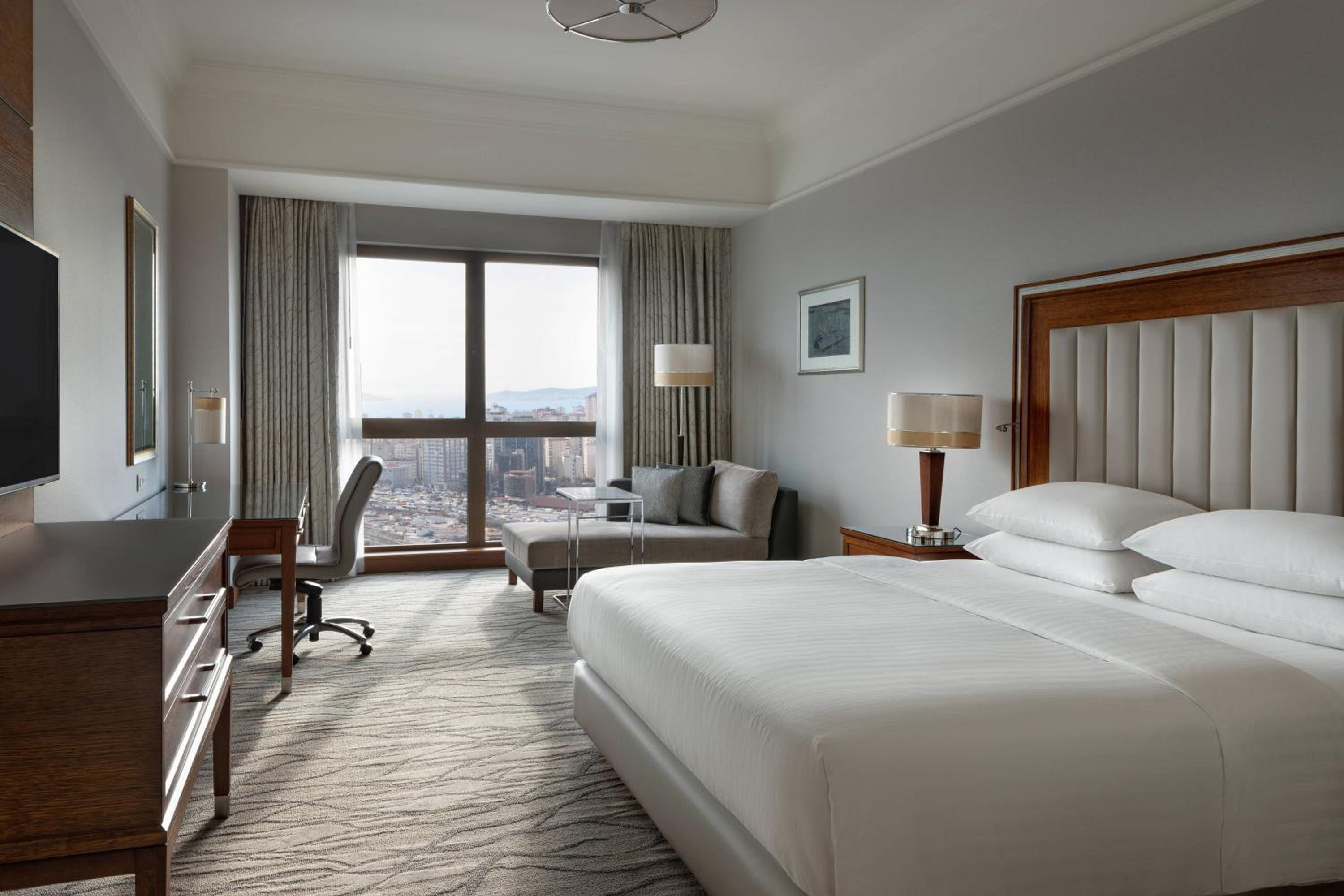 Deluxe Room with King Bed and City View
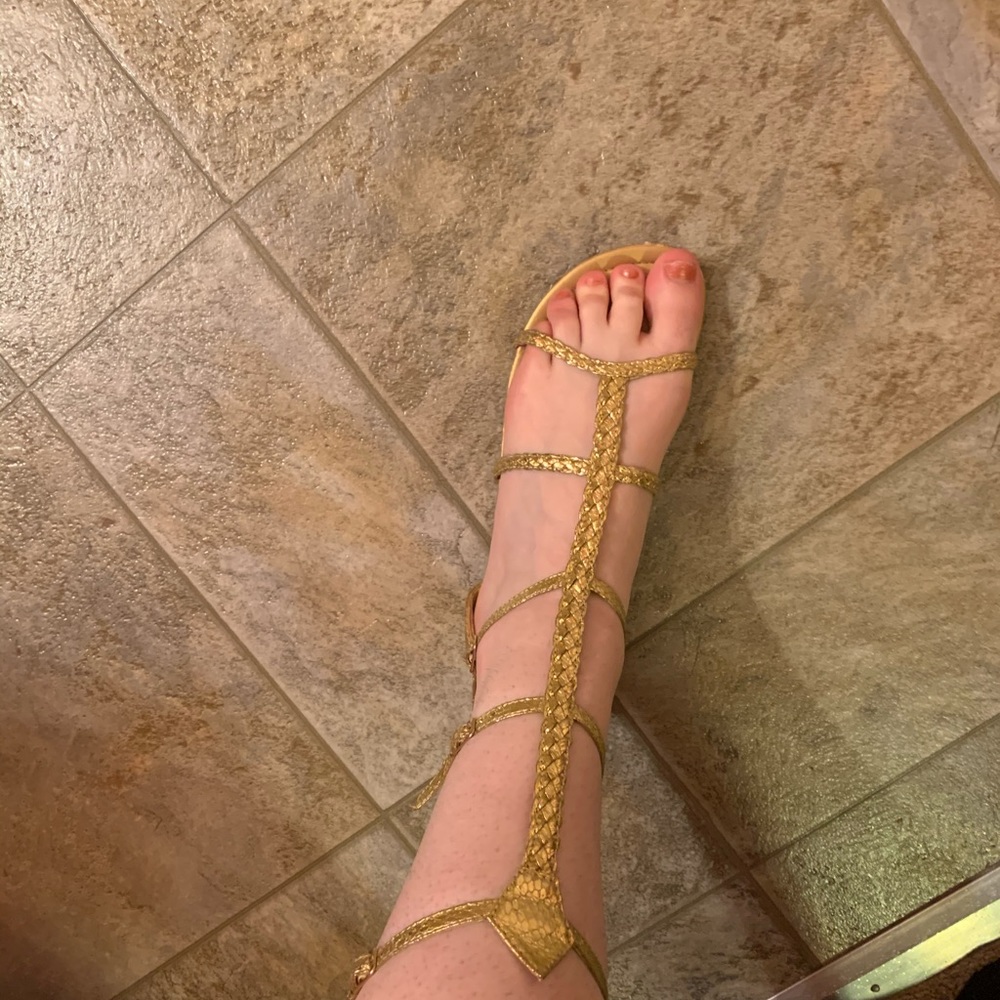 Gold knee high gladiator sandals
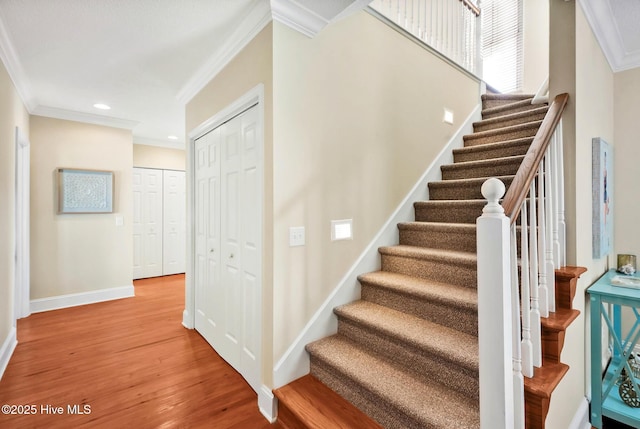 stairs with wood-type flooring and ornamental molding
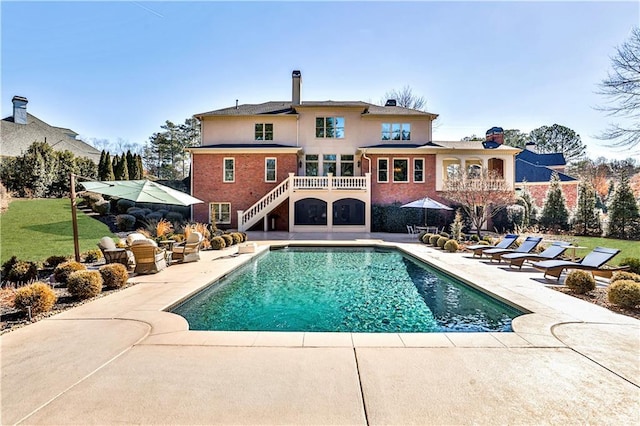620 Elizabeth Oak Ct, Alpharetta, GA 30004 - back of property featuring a patio, stairway, an outdoor pool, a chimney, and stucco siding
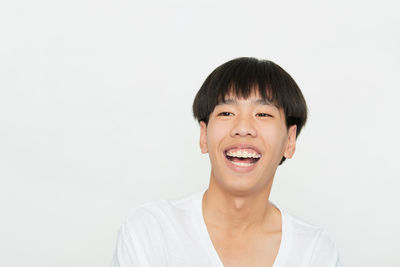 Portrait of smiling young man against white background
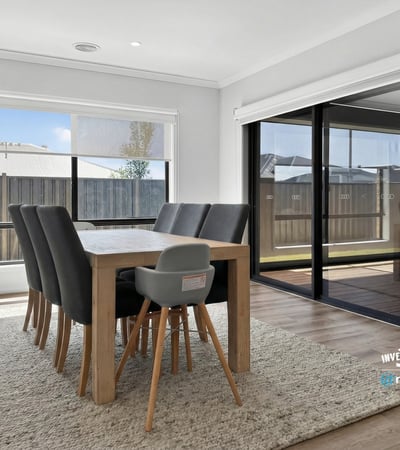 Spacious dining area features large windows and seamless indoor-outdoor flow, perfect for entertaining.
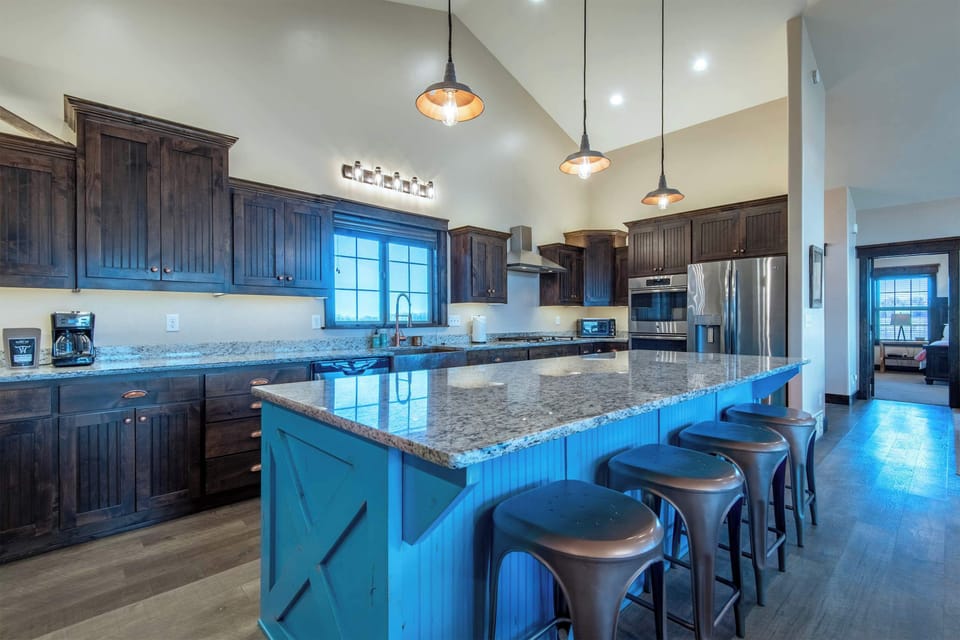 The showstopping teal island with granite counters and bar seating — the heart of the main floor and natural gathering spot.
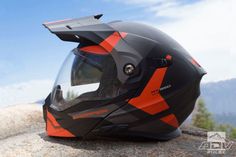 a motorcycle helmet sitting on top of a rock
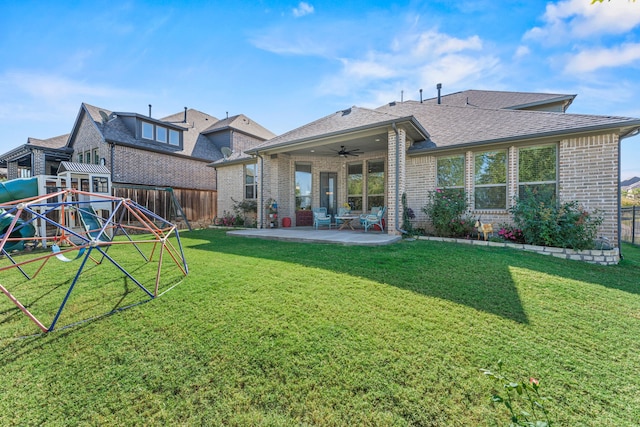 back of house featuring a patio area, a lawn, and ceiling fan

> _Requirement_
When a picture appears in the material, please pass over it while retyping the rest exactly.

> _Your response_
 Deluxe Room with King Bed and City View
 Gold knee high gladiator sandals
 stairs with wood-type flooring and ornamental molding
620 Elizabeth Oak Ct, Alpharetta, GA 30004 - back of property featuring a patio, stairway, an outdoor pool, a chimney, and stucco siding
 Portrait of smiling young man against white background
 Spacious dining area features large windows and seamless indoor-outdoor flow, perfect for entertaining.
 The showstopping teal island with granite counters and bar seating — the heart of the main floor and natural gathering spot.
 a motorcycle helmet sitting on top of a rock
 back of house featuring a patio area, a lawn, and ceiling fan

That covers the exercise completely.